Raya wirkte völlig verunsichert, als er die Ben-White-Behandlung erdulden musste. Die Spurs zogen dem Arsenal-Torhüter ein weißes Trikot an und testeten sein Selbstvertrauen bei gefährlich auf ihn zufliegenden Bällen. Könnte die Zitterpartie nach diesen Eckbällen den schlampigen Pass des Spaniers ins zentrale Mittelfeld kurz vor der Halbzeit erklären? Myles Lewis-Skelly wurde von Richarlison bestohlen, bevor Pape Matar Sarr aus der Distanz das einzige Tor des Spiels erzielte. In einem Premier-League-Spiel wäre das Warten auf die Bestätigung dieses Tors sicherlich mühsam gewesen, da Richarlisons Foul aus jedem möglichen Blickwinkel auf Hinweise auf ein Foul untersucht wurde. Stattdessen hatten die Spurs-Spieler Grund zum Jubeln.
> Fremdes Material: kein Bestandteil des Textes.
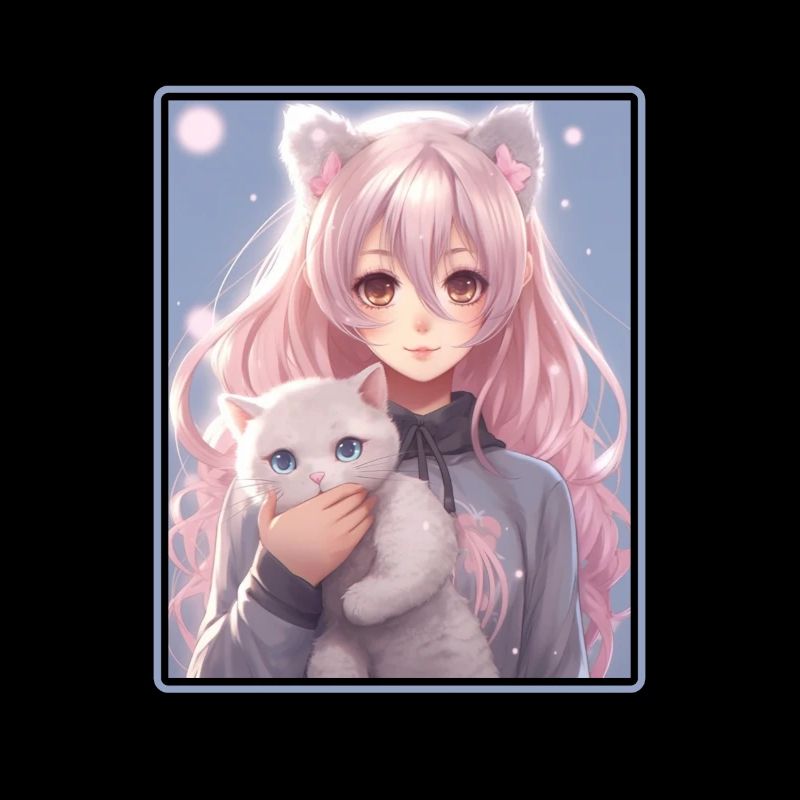 Kawaii Mädchen Anime Manga Mädchen Katze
Was Arsenal betrifft, gibt es bei den eigenen Standardsituationen wahrscheinlich nicht allzu viel Grund zur Sorge, auch wenn 13 Eckbälle nicht zu großer Belastung des Spurs-Tors führten. Zum einen müssen sie auf den besten Standardspieler der Welt, Gabriel Magalhaes, verzichten, der sich von einer Verletzung erholt, die zu Beginn der Saisonvorbereitung auftrat. 40 % der xG und 43 % der Tore, die Arsenal in der Premier League nach Standardsituationen zuließ, fielen, nachdem sich der große Brasilianer einen Oberschenkelriss zugezogen hatte. Zum Saisonauftakt bei Manchester United sollte er wieder fit sein. Und so viele Fragen es auch über ein mögliches Foul von Richarlison beim Tottenham-Tor gab, hätte der VAR in einem richtigen Spiel sicherlich lange und genau geprüft, inwieweit Raya behindert wurde, wenn eine dieser Eckbälle zu Toren geführt hätte.
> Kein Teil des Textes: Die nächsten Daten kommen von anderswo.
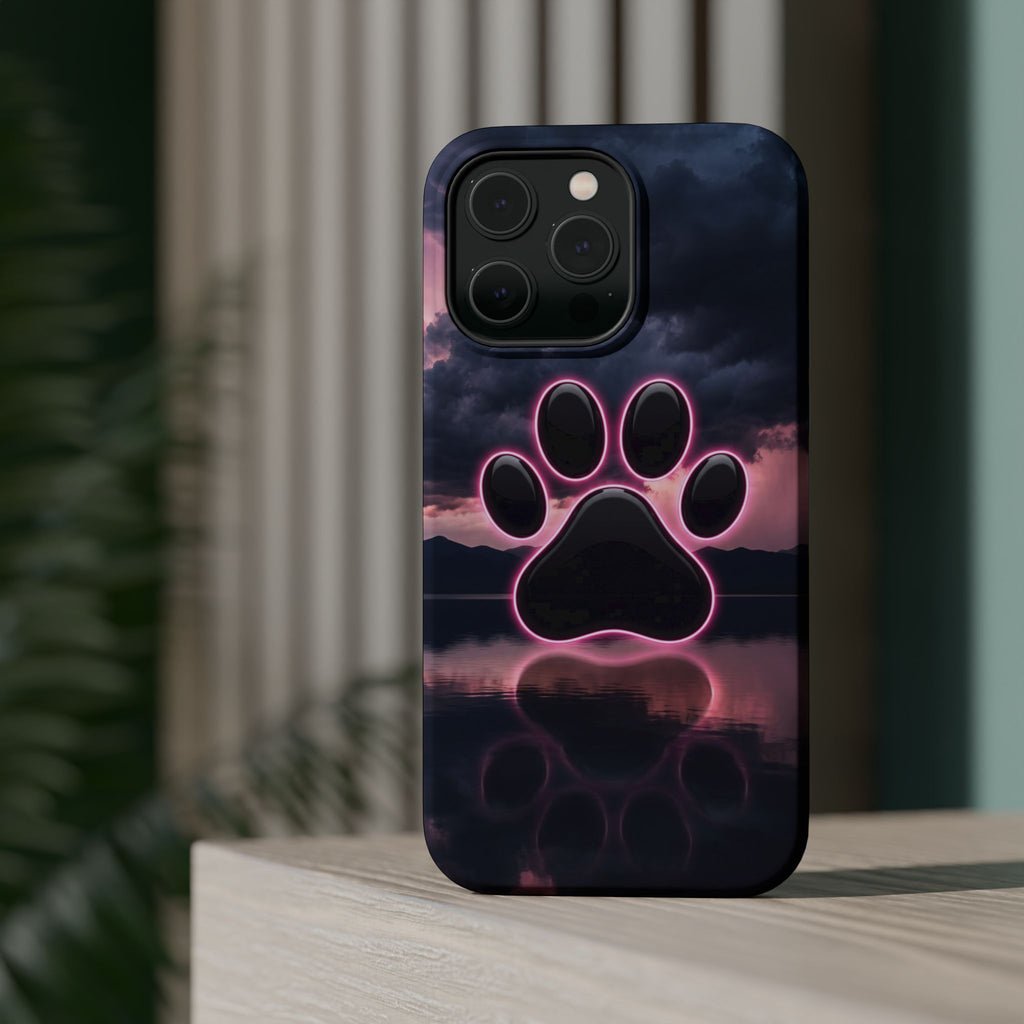 Neon Paw Print Phone Case — Impact-Resistant Wireless Charging Cover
Für Tottenham ist dies dennoch ein Zeichen für eine deutliche Verbesserung. Eine Mannschaft, die zwei Jahre lang aufgrund mangelnder Kontrolle über Standardsituationen billige Tore kassierte, hat nun einen der besten Spieler der Branche verpflichtet, der diese ausnutzen kann. Das zeigt sich bereits.